I wonder how much longer this "Using LLMs to evaluate the quality of other LLMs" can last. Certainly it has proven valuable and useful up until now, especially since ChatGPT is a pretty high bar to evaluate against.

But it also seems like a strange, incestuous, closed system approach.

Like, unless you are introducing something new into the system, you just have the system churning against itself, probably until it reaches an equilibrium (or else becomes incoherent).

anothernewdude · on May 24, 2023

I wonder how long "Using humans to rate the quality of other humans" thing can last. Surely academia has only so long before it collapses.

plagiarist · on May 24, 2023

You're asserting that current LLMs are as capable as evaluating each other as are humans with advanced degrees?

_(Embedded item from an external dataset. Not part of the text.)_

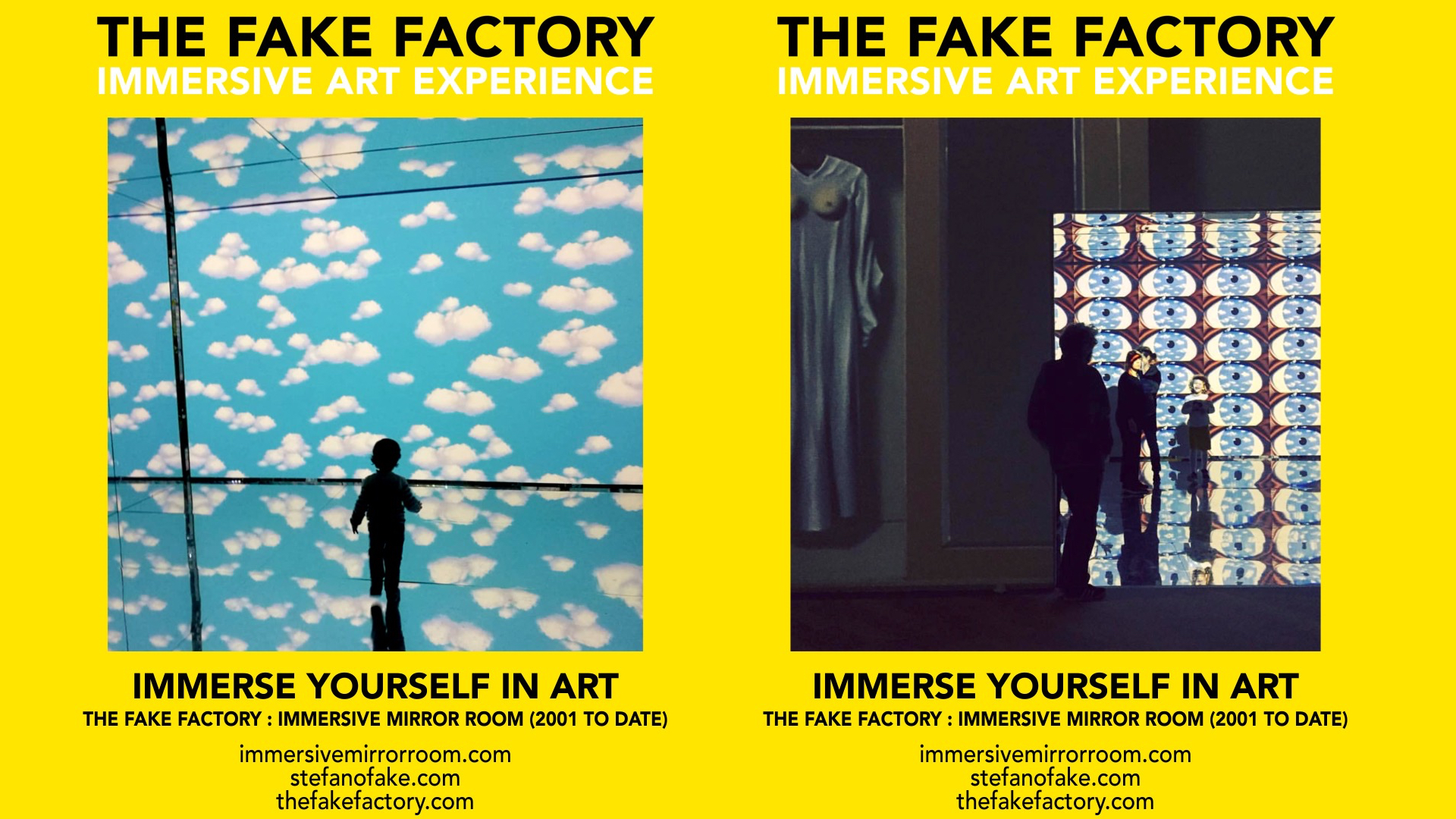 THE FAKE FACTORY IMMERSIVE ART EXPERIENCE 2012-2020 FORMAT.146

anothernewdude · on May 29, 2023

Yes. They're both awful.

jacooper · on May 24, 2023

Also humans aren't exact clones

monkpit · on May 24, 2023

The title is a bit much, no?

version_five · on May 24, 2023

Yes, it violates site guidelines and should be "AlpacaFarm: A Simulation Framework for Methods that Learn from Human Feedback"

jhbadger · on May 24, 2023

Not really. Pretty much the "killer app" feature of ChatGPT is RLHP. Whether or not the current RLHP-ed Alpca really beats ChatGPT, it is pretty obvious that local LLMs can be RLHP-ed and it is only a matter of time before people realize running an RLHP-ed LLM locally is a better option than running ChatGPT with all the security concerns of running something "in the cloud" (which is just "somebody else's computer" in the famous saying).

monkpit · on May 24, 2023

I was referring to the HN guidelines against editorializing titles.

fnordpiglet · on May 24, 2023

I’m sorry what’s RLHP? I’m not able to Kagi that

version_five · on May 24, 2023

The P should be an F, it's reinforcement learning from human feedback

stavros · on May 24, 2023

Reinforcement learning through human feedback.

Took me a bit of searching too.

xiphias2 · on May 24, 2023

Beating by generating longer answer is not a win for me. Maybe raters prefer long answers, but in reality long answers are only good if they provide extra important information.

They should try to compare answers with similar length.

williamcotton · on May 24, 2023

Not specific to this article…

RLHF is supervised learning on top of unsupervised learning. Is supervised learning at some point of the process a requirement for all reasonable ML models?

stevefan1999 · on May 24, 2023

So what about using it to learn the mentally insane?

Vecr · on May 24, 2023

Huh? Is this a "Jipi and the Paranoid Chip" reference, or something else?